While a lot has been written about the skills required to become an entrepreneur, in this note I want to share some “life’s lessons” which entrepreneurship has taught me. And taught me in a way like no one else could have. I call them “life’s lessons” as their impact goes far beyond the success or the failure of the ventures I undertook. These learnings have stayed with me and pretty much define my way of life.

Entrepreneurship creates news challenges all the time. When the founder introspects, lessons are learnt. When the founder innovates to find a solution, even more learning happens. In the entrepreneurial journey, this process never stops!

One of the first lessons you learn as an entrepreneur is to be frugal, i.e. find the most economical way to achieve the desired results and maximize returns on your efforts, time and money. In a startup, you neither have the resources, nor the time to be generous. Any extravaganza is a possible step towards failure (like the recent Housing.com’s fiasco on the ‘lookup’ campaign). Frugality, in turn, builds the habit of exploring all options and not signing on a blank cheque. Smart entrepreneurs rarely grab the first available option, and keep exploring till they find the optimum solution. In doing so, they become extremely frugal on the time-spend on a particular issue, making a judicious choice on when any further time spent will not commensurate with results achieved.

Entrepreneurship teaches you, out of necessity, to become frugal with both time and money. But this life lesson does you good forever.

Entrepreneurship teaches you to have an eye for detail on whatever you do or whatever crosses your path. A startup has to get its value proposition right in the first attempt. They can’t have the lethargy of large corporations, where the business plan can be revised year after year to safeguard certain jobs!

Now, as a founder of a startup, I know pretty well that there is no second life. Therefore, I have developed the habit of doing extreme due diligence on everything, to ensure that it comes out right the first time. Out of sheer necessity, I have developed a scrutinizing approach, where finer details are reviewed and discussed; early warnings are not ignored and, most importantly, carelessness is simply unacceptable.

This life lesson of getting it right the first time, most of the times, becomes an asset for forever, and defines your way of life.

Entrepreneurship also teaches you to comprehend other people’s perspective. As a founder when you go into the field to sell your product, the first few meetings tell you that customers buy what they want and not what you have or want to sell. Both of you could be looking at the same problem to solve, but the perspective on the ‘right’ solution could be radically different. So, an entrepreneur listens, and tries to comprehend the problem from the customer’s perspective, to then come back and offer the desired solution. The same dynamics play in a startup over all the internal discussions between co-founders and cross-functional teams. Keeping egos out, people listen to understand each other’s perspective and then arrive at the best decision.

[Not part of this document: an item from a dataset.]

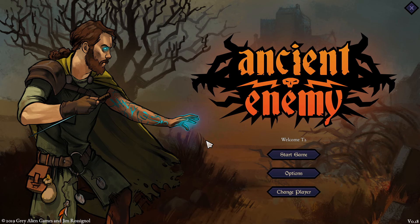Hi, I'm Jake Burkett from Grey Alien Games and this is the Ancient Enemy vlog number two. This is just a quick vlog today to talk about the map node system that I've been working on.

This lesson, of making a genuine attempt to understand other people’s perspectives and value them, brings into you a trait which very few people possess.

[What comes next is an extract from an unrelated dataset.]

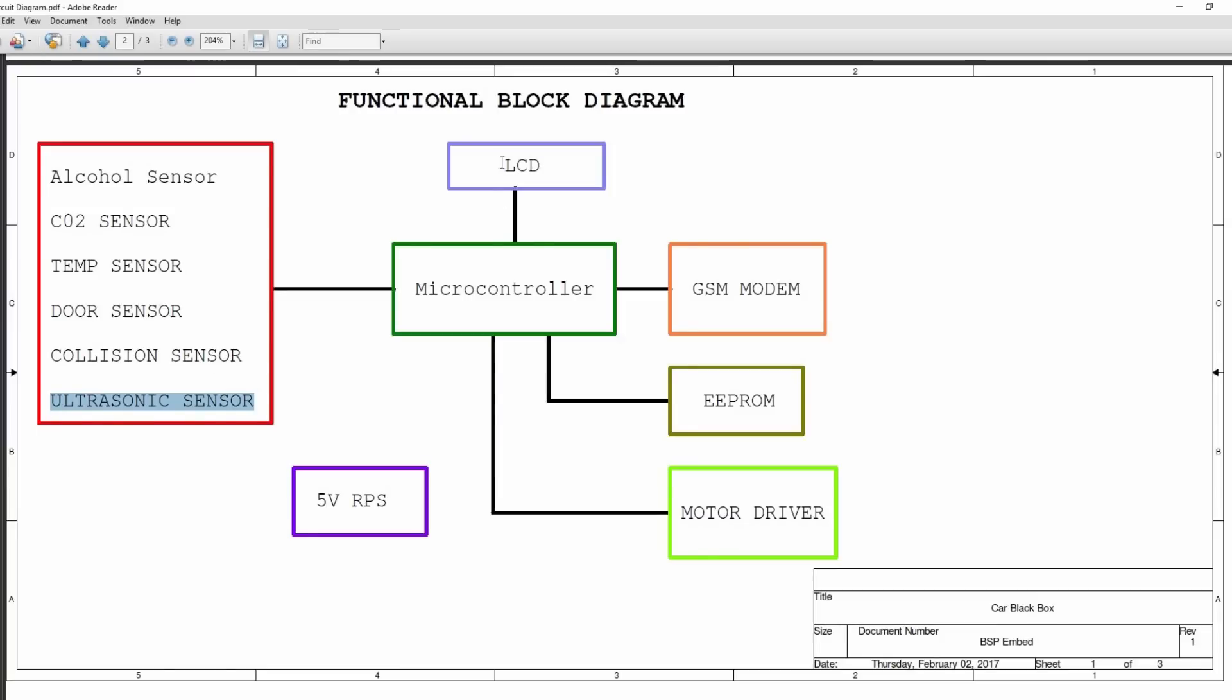An LCD is used for displaying various information during the execution of the program, a GSM modem for sending the accident information to the concerned person, an EEPROM to store all the related information, a motor driver to drive the vehicle, and a 5V regulated power supply.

Another great lesson learnt from being entrepreneur is respect for work, all kinds of work. A founder usually learns the hard way that no work can be trivialized. An entrepreneur’s personal life swings like a pendulum, from good to ugly, depending on how individuals manage their work, however insignificant that work may appear. A nasty response from ‘support’ to a ‘customer’ can cause escalations that will completely drain your energies in doing damage control. You learn, after a few ugly incidents, that there is no work that can be called a ‘no-brainer’ ! Even the simplest of the repetitive tasks has to be done right, each and every time, for people to spend time on productive things and keep the start-up on track.

Entrepreneurship teaches you to respect people for doing their work diligently day after day, immaterial of where they sit in the organizational or social hierarchy or what kind of work they do. This life lesson is the key to gain respect and build long lasting relationships.

I think it is highly unfortunate when an entrepreneur is totally absorbed in the glamour of funding, valuations and exits, and fails to imbibe some of these life lessons. It is like an opportunity wasted.

As Steve Jobs said “ Being the richest man in the cemetery doesn’t matter to me…Going to bed at night saying we’ve done something wonderful…that’s what matters to me.”